Provided records Block Start

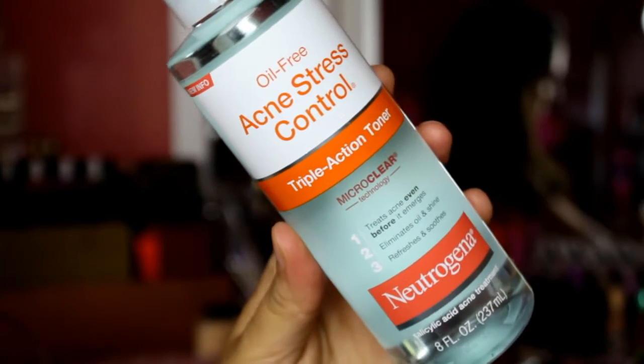I also got the Acne Stress Control Triple Action Toner. In my skincare routine video I showed the toner acne pads from Zoe Health Skincare, which I'm obsessed with, but if you're looking for a cheaper alternative — because Zoe is a really expensive skincare brand — this is a great option. I've heard really good reviews about it because it helps blemishes that are beneath the surface so they don't come through, and it also treats existing blemishes. It should be a good alternative to the Zoe acne pads.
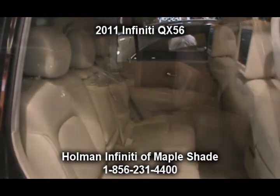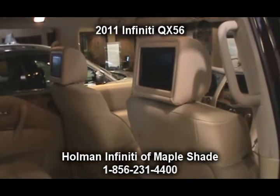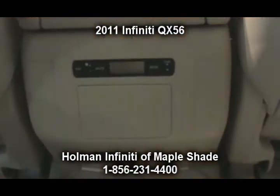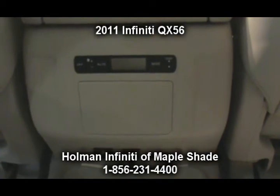This vehicle comes equipped with 4-wheel disc brakes with vented front and rear discs, 4-wheel anti-lock braking systems, all behind 20-inch painted finish aluminum alloy wheels.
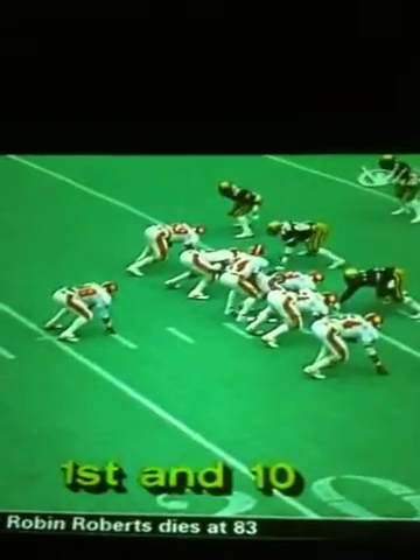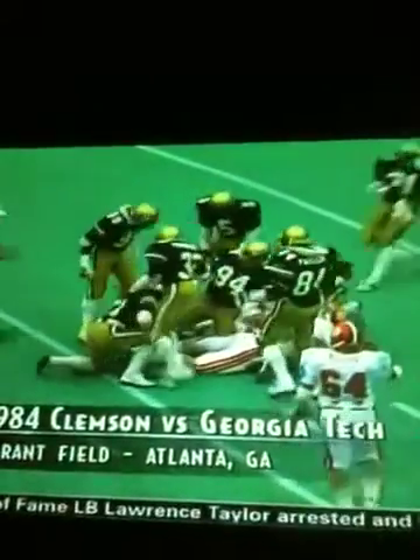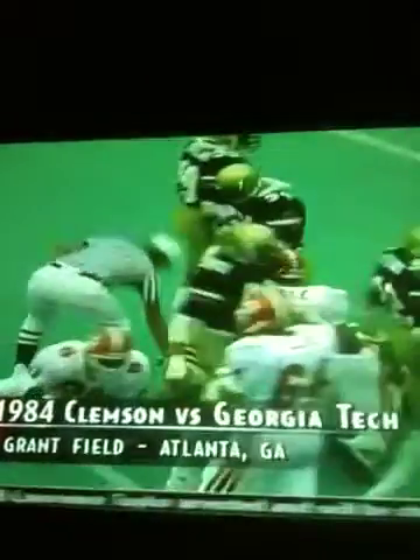First and 10 at the 15-yard line. K.D. Dunn once again is in the slot. Oh, what a hit that time! Jimmy Anderson from the inside linebacker spot — he's from Lexington, Kentucky. He looked like he had a running start from Lexington that time.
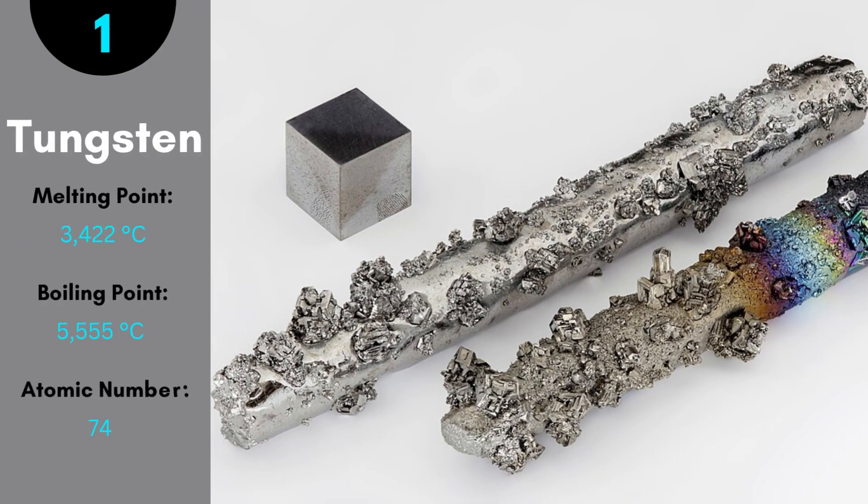The meaning of tungsten itself is 'heavy stone.' It is a gray-white lustrous metal that has the lowest vapor pressure. It has the highest melting point, so it gets used in the making of light bulbs. It has the highest tensile strength at 1,650 degrees Celsius.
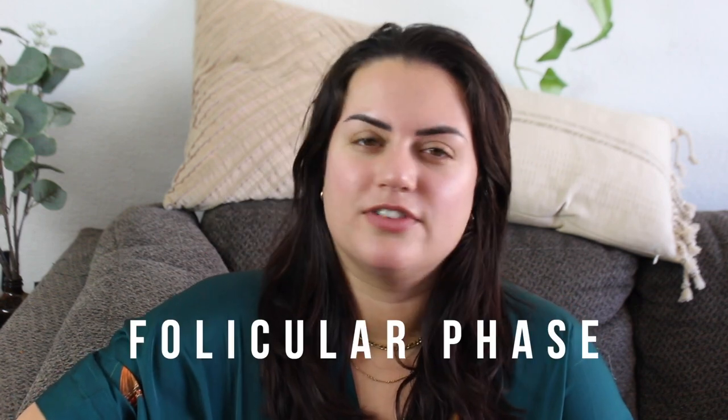Welcome back to another video and welcome back to the second week of our cycle syncing videos. If you don't already know, I'm doing four videos all about cycle syncing in the next few weeks. Last week I talked about the menstrual phase and the good foods and nutrients to eat during that phase. And today we're going to be talking about my favorite phase of the cycle — the follicular phase.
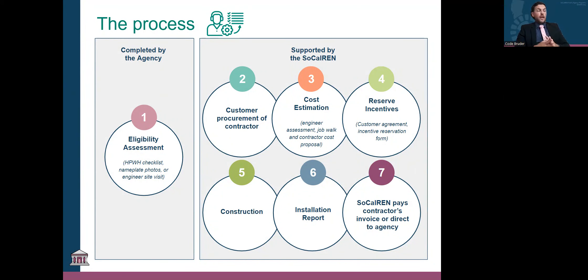After procurement, step three is cost estimation via a job walk. For example, if single source is chosen, we get our engineers, project manager, and the preferred contractor on site, walk the job, and get a cost quote. From that quote, we know exactly how much it's going to cost and exactly who is on the hook for how much during the project.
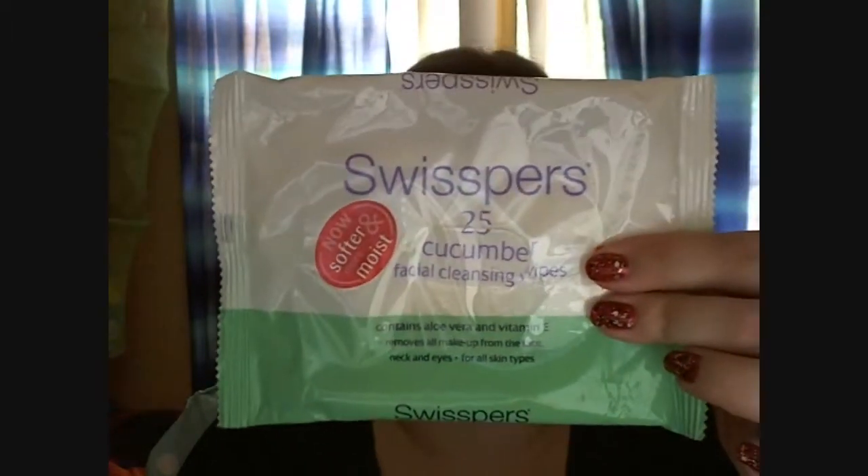My favourite facial cleansing wipes or makeup removal wipes have been the Swispers Cucumber Facial Cleansing Wipes. These ones have aloe vera and vitamin E and are good for all skin types, so they've been really good for my sensitive skin. I find they've been quite good for taking off waterproof makeup and good for using on your eyes as well. I'm almost out of these — I think I've got about five left — and then I've got a packet of aloe ones in the cupboard which are also good for sensitive skin.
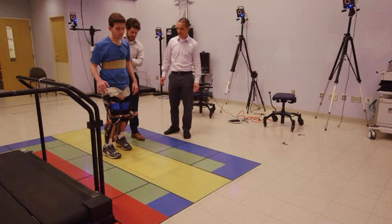"Children grow so fast," Goldfarb said. "You have to have devices that can be light but also adjustable as far as size if you're going to keep working with children of different sizes and different ages."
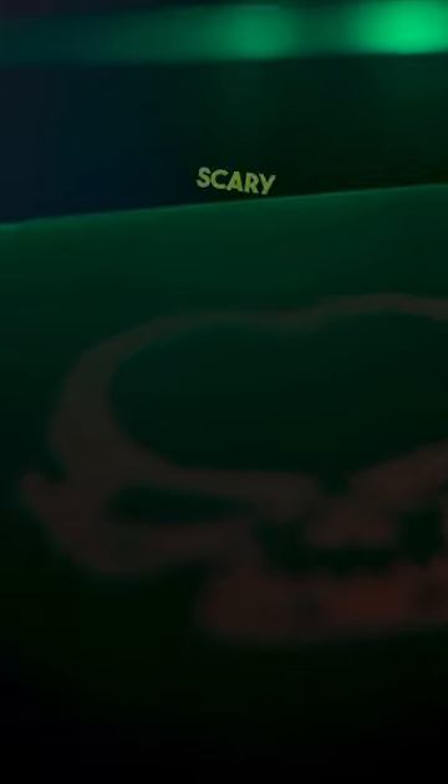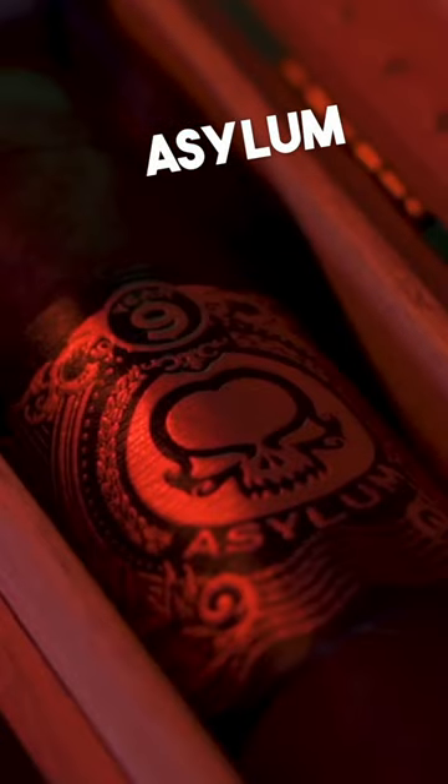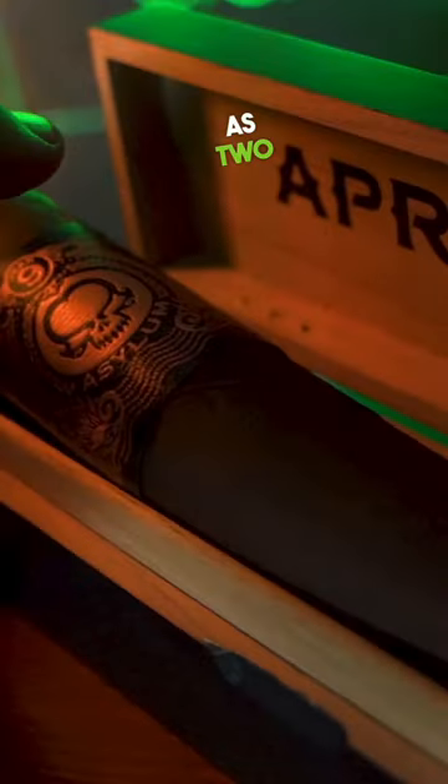What started as an April Fool's joke has turned into a beautifully scary reality. The Asylum 9x90 is the leviathan of cigars. Using as much tobacco as two 7x70s, this monstrous cigar is downright gorgeous.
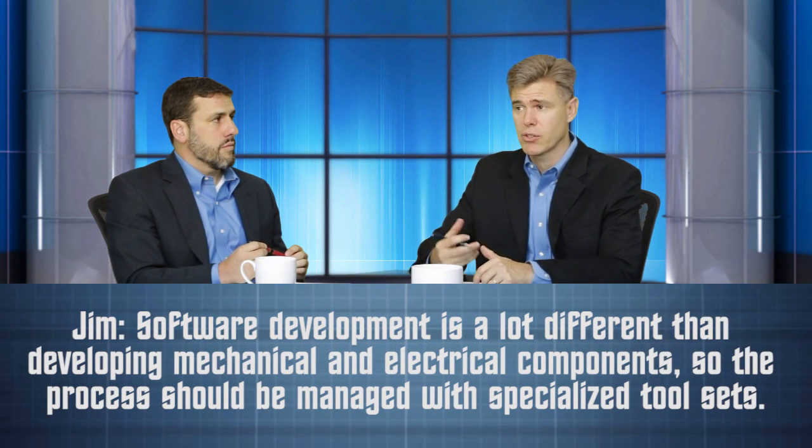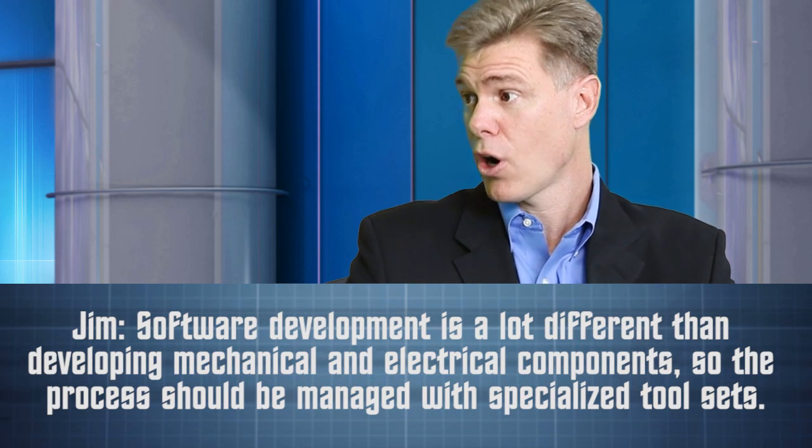I think differently. The tools available for developing software today are very specialized. There are a lot of differences in developing software versus developing mechanical and electrical components. Take change management: software iterates much more quickly, so the lifecycle is different even though it needs to fit into a broader change paradigm with mechanics and electronics. There's much more of an iterative process. The tools that are out there already work, there's a lot of investment in them, and we're going to see a federated environment with different paths for different disciplines. Software is going to be further outside for a lot longer.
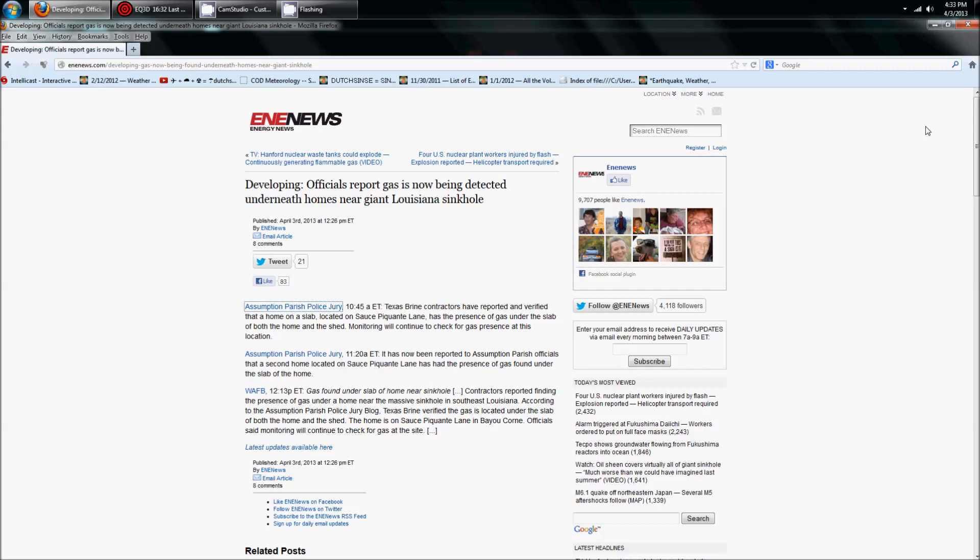Hey everybody, Dutch Cents here. 4:33pm Central Time on Wednesday, April 3rd, 2013. I've got you over here on ENE News. This is a developing story that happened today out of Bayou Corn, Louisiana. Officials report gas is now being detected underneath homes near the giant Louisiana sinkhole. This broke on the Assumption Parish police jury website, which handles all the official business and reports for the Bayou Corn situation.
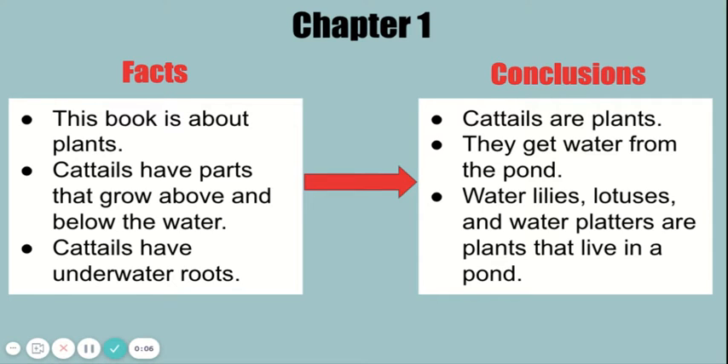In this chapter, you read about plants that adapt to survive in or near a pond. Let's add what we've learned in chapter one to a chart that tells us facts and conclusions.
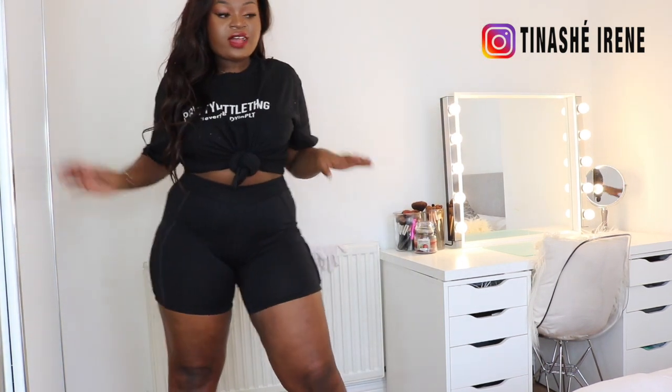Hi guys, welcome back to my channel. Today's video is basically going to be an ASOS gym clothes haul. I'm a curvy girl and I find it really hard to find gym clothes that fit my body nicely. I have about two gym leggings that work for me — one pair is from Sports Direct. Their USA Pro leggings are amazing. I've also got gym shorts, which are great for curvy girls, though I know some people aren't as confident wearing them.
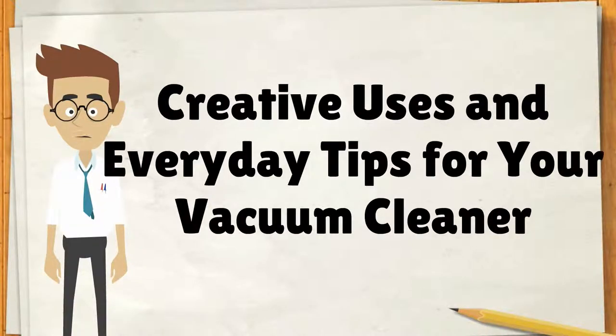Hello everyone, we are going to talk about creative uses and everyday tips for your vacuum cleaner.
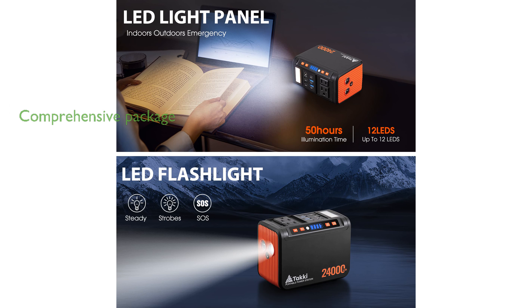Included with the power station are an AC adapter, a cigarette lighter, and a user manual, all backed by friendly customer service and safety features like overcharge protection.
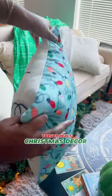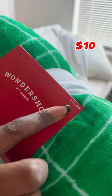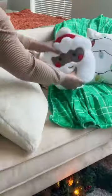I am not gatekeeping these Target deals. This pillow is interchangeable and you can use either side for a different design. This throw blanket has this velvet texture that I love.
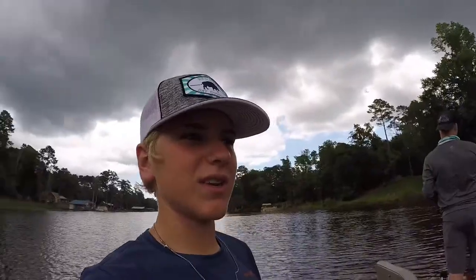It's just starting to rain on us. Hopefully the rain dies down and doesn't pick up so we can keep fishing.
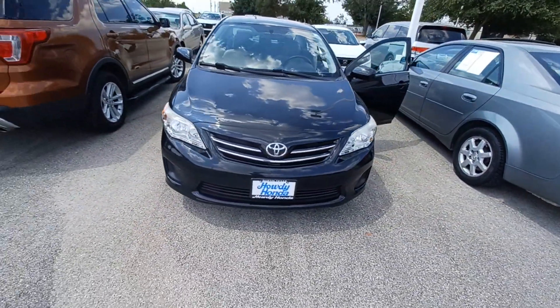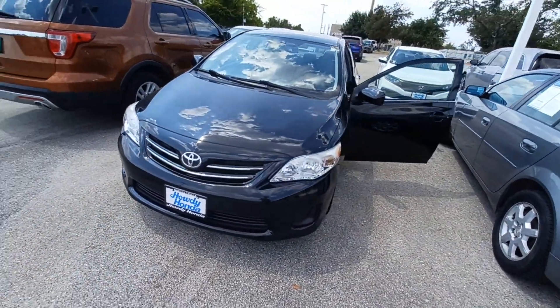And that's my 2013 Toyota Corolla and I'm Jason down here at Howdy Honda.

Provided records Block End

→ **How to complete this task**
Each entry above must be duplicated precisely; none of the pictures may be included.

→ **Exercise solution**
I also got the Acne Stress Control Triple Action Toner. In my skincare routine video I showed the toner acne pads from Zoe Health Skincare, which I'm obsessed with, but if you're looking for a cheaper alternative — because Zoe is a really expensive skincare brand — this is a great option. I've heard really good reviews about it because it helps blemishes that are beneath the surface so they don't come through, and it also treats existing blemishes. It should be a good alternative to the Zoe acne pads.
This vehicle comes equipped with 4-wheel disc brakes with vented front and rear discs, 4-wheel anti-lock braking systems, all behind 20-inch painted finish aluminum alloy wheels.
First and 10 at the 15-yard line. K.D. Dunn once again is in the slot. Oh, what a hit that time! Jimmy Anderson from the inside linebacker spot — he's from Lexington, Kentucky. He looked like he had a running start from Lexington that time.
The meaning of tungsten itself is 'heavy stone.' It is a gray-white lustrous metal that has the lowest vapor pressure. It has the highest melting point, so it gets used in the making of light bulbs. It has the highest tensile strength at 1,650 degrees Celsius.
Welcome back to another video and welcome back to the second week of our cycle syncing videos. If you don't already know, I'm doing four videos all about cycle syncing in the next few weeks. Last week I talked about the menstrual phase and the good foods and nutrients to eat during that phase. And today we're going to be talking about my favorite phase of the cycle — the follicular phase.
After procurement, step three is cost estimation via a job walk. For example, if single source is chosen, we get our engineers, project manager, and the preferred contractor on site, walk the job, and get a cost quote. From that quote, we know exactly how much it's going to cost and exactly who is on the hook for how much during the project.
My favourite facial cleansing wipes or makeup removal wipes have been the Swispers Cucumber Facial Cleansing Wipes. These ones have aloe vera and vitamin E and are good for all skin types, so they've been really good for my sensitive skin. I find they've been quite good for taking off waterproof makeup and good for using on your eyes as well. I'm almost out of these — I think I've got about five left — and then I've got a packet of aloe ones in the cupboard which are also good for sensitive skin.
"Children grow so fast," Goldfarb said. "You have to have devices that can be light but also adjustable as far as size if you're going to keep working with children of different sizes and different ages."
What started as an April Fool's joke has turned into a beautifully scary reality. The Asylum 9x90 is the leviathan of cigars. Using as much tobacco as two 7x70s, this monstrous cigar is downright gorgeous.
I think differently. The tools available for developing software today are very specialized. There are a lot of differences in developing software versus developing mechanical and electrical components. Take change management: software iterates much more quickly, so the lifecycle is different even though it needs to fit into a broader change paradigm with mechanics and electronics. There's much more of an iterative process. The tools that are out there already work, there's a lot of investment in them, and we're going to see a federated environment with different paths for different disciplines. Software is going to be further outside for a lot longer.
Hey everybody, Dutch Cents here. 4:33pm Central Time on Wednesday, April 3rd, 2013. I've got you over here on ENE News. This is a developing story that happened today out of Bayou Corn, Louisiana. Officials report gas is now being detected underneath homes near the giant Louisiana sinkhole. This broke on the Assumption Parish police jury website, which handles all the official business and reports for the Bayou Corn situation.
In this chapter, you read about plants that adapt to survive in or near a pond. Let's add what we've learned in chapter one to a chart that tells us facts and conclusions.
Hi guys, welcome back to my channel. Today's video is basically going to be an ASOS gym clothes haul. I'm a curvy girl and I find it really hard to find gym clothes that fit my body nicely. I have about two gym leggings that work for me — one pair is from Sports Direct. Their USA Pro leggings are amazing. I've also got gym shorts, which are great for curvy girls, though I know some people aren't as confident wearing them.
Hello everyone, we are going to talk about creative uses and everyday tips for your vacuum cleaner.
Included with the power station are an AC adapter, a cigarette lighter, and a user manual, all backed by friendly customer service and safety features like overcharge protection.
I am not gatekeeping these Target deals. This pillow is interchangeable and you can use either side for a different design. This throw blanket has this velvet texture that I love.
It's just starting to rain on us. Hopefully the rain dies down and doesn't pick up so we can keep fishing.
And that's my 2013 Toyota Corolla and I'm Jason down here at Howdy Honda.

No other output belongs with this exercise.